**Work to be completed:**
A word-for-word copy of the data, with no images, is the required answer.

+--

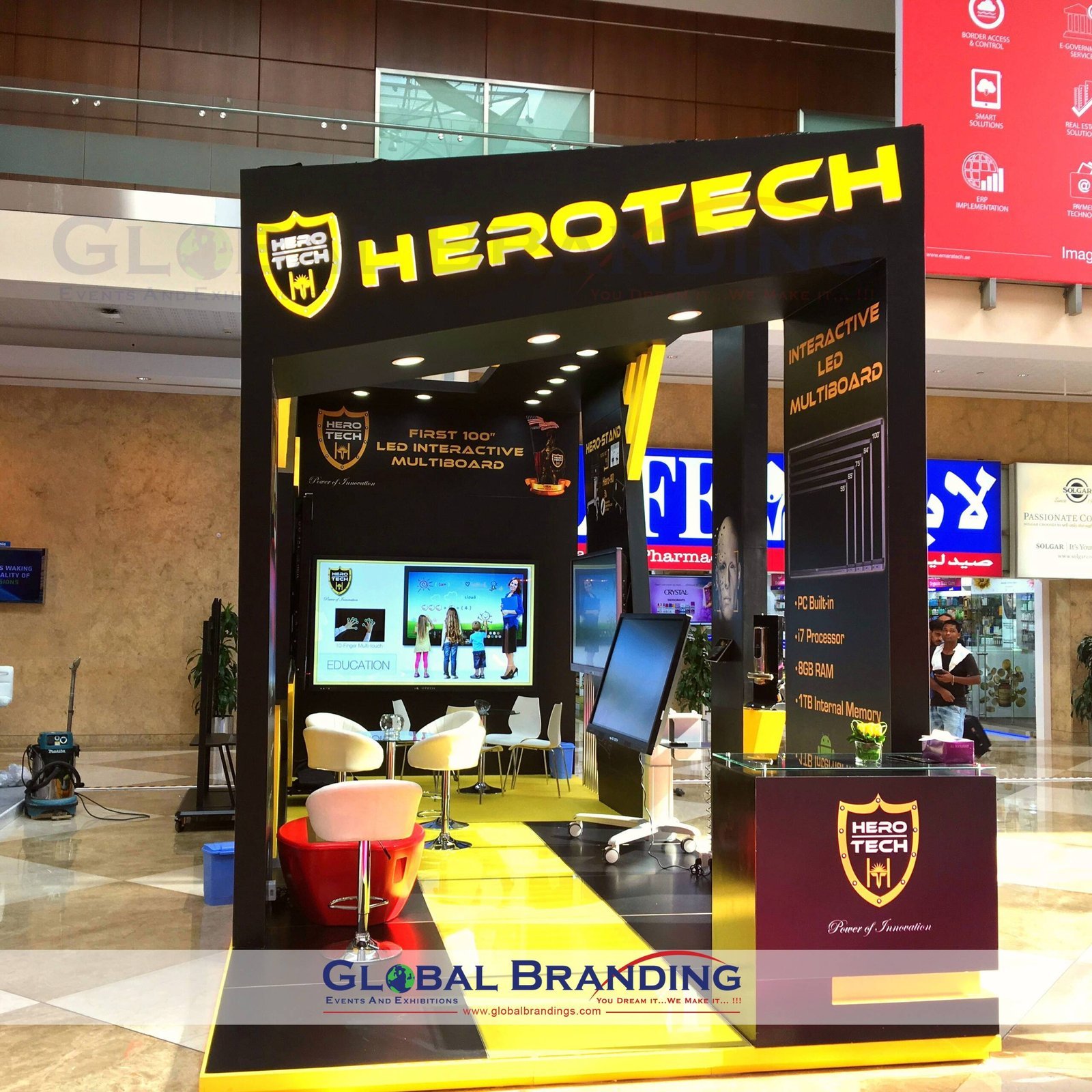 GLOBAL-BRANDING-Dubai-scaled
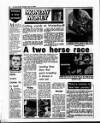 Evening Herald (Dublin) Monday 19 June 1989 Page 14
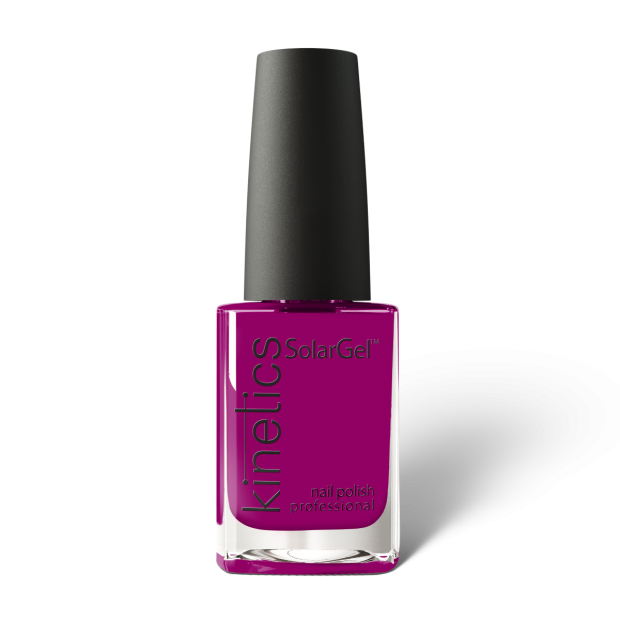 KINETICS 620 REVEL SOLARGEL PROFESSIONAL NAIL POLISH /15ml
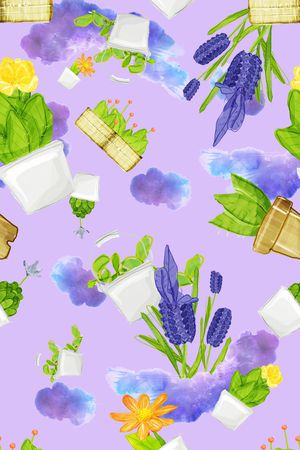 休闲印花华亿平台图片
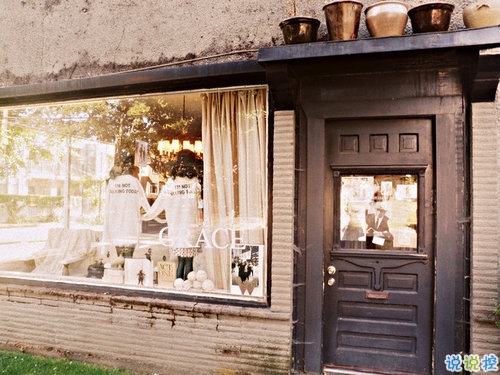 愛情太容易受傷的說說特別想哭 你傷了我的心說說孤單落寞1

+--

**Solution to the exercise:**
 GLOBAL-BRANDING-Dubai-scaled
 Evening Herald (Dublin) Monday 19 June 1989 Page 14
 KINETICS 620 REVEL SOLARGEL PROFESSIONAL NAIL POLISH /15ml
 休闲印花华亿平台图片
 愛情太容易受傷的說說特別想哭 你傷了我的心說說孤單落寞1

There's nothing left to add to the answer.